Figure 2.6 Schematic of (a) interconnected weak layer and (b) load‐bearing framework microstructures. Light gray indicates the weaker phase and dark gray/black indicates the stronger phase. During deformation of the interconnected weak layer microstructure (c), strain is partitioned into the weaker phase and strong inclusions remain relatively undeformed. Stresses in the two phases will be similar but large strain heterogenaity is induced in the weak phase as the weaker material must flow around the rigid inclusions. During deformation of the load‐bearing framework microstructure (d) strain is distributed ~homogeneously as the strong matrix imposes its strain and strain rate on the weaker inclusions. Stresses will be lower in the weaker phase as it flows at lower stress than the stronger matrix.
In contrast, when a LBF microstructure exists, the soft phase is not interconnected and the rheology of the aggregate is controlled by the harder phase. Stress is supported primarily by the stronger phase and the stronger phase imposes its strain rate on the softer phase (Figure 2.6d). In this case, stress levels in the two phases diverge. Although local heterogeneous strain rate occurs at phase boundaries, the aggregate as a whole behaves in a manner very close uniform strain rate in the two phases.

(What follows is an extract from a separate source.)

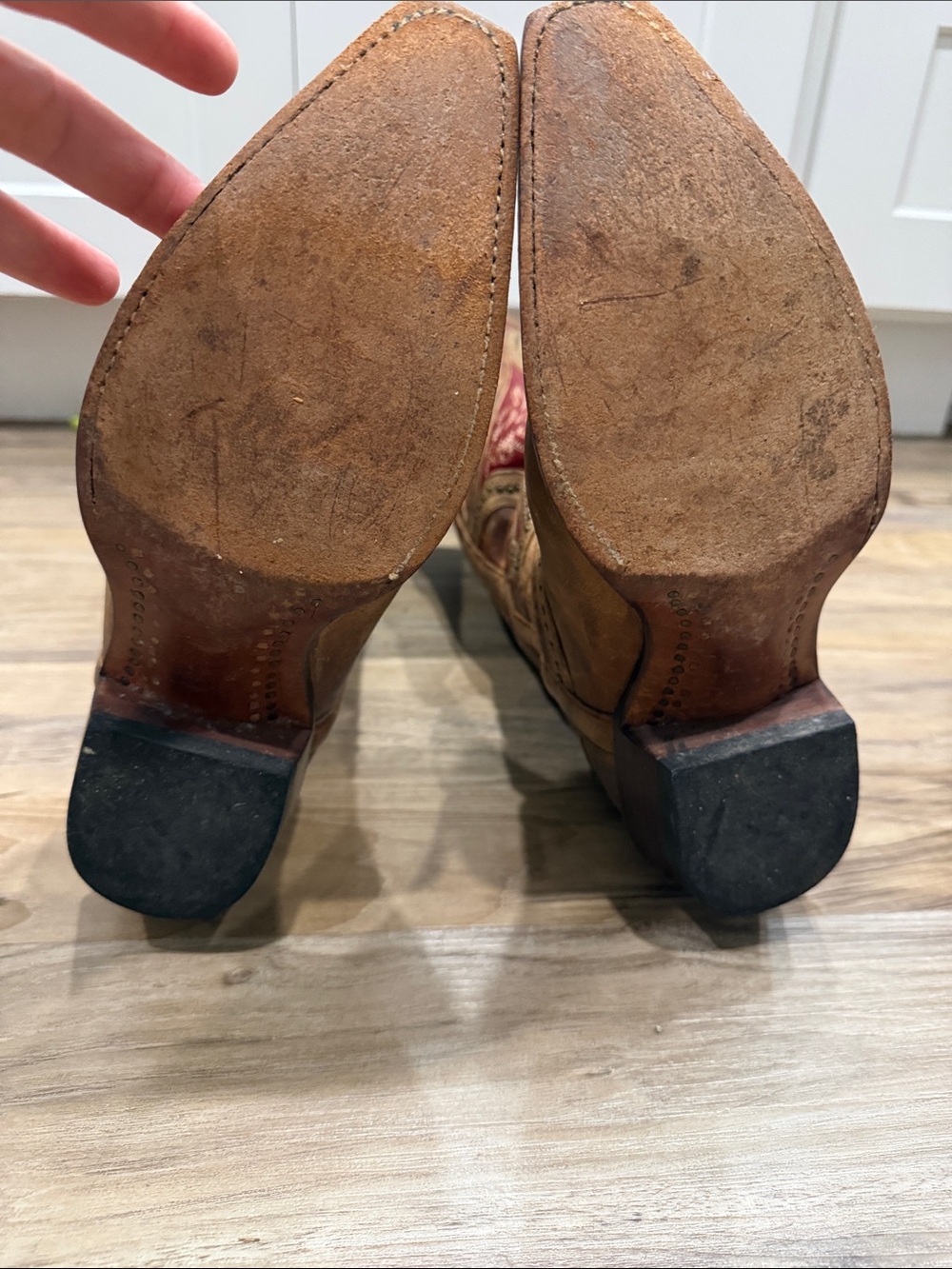 Lucchese Women's Brown Leather Cowboy Boots with Red Shaft - Picture 7 of 14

Determining conditions where IWL versus LBF are stable depends on phase proportions, strength contrast and total strain. Strength contrast will be determined by the contrast in parameters in the flow laws for the phases (e.g., activation energy and volume and stress exponent). Larger strength contrasts between the phases and a lower volume fraction of the softer phase promotes stability of a LBF. Generally speaking IWL dominates when the volume fraction of the weak phase exceeds ~30–40% (i.e., percolation threshold). However, large strains also tend to favor IWL microstructures as the weaker inclusions coalesce to form interconnected microstructures resulting in a transition from LBF to IWL behavior (Handy, 1990, 1994).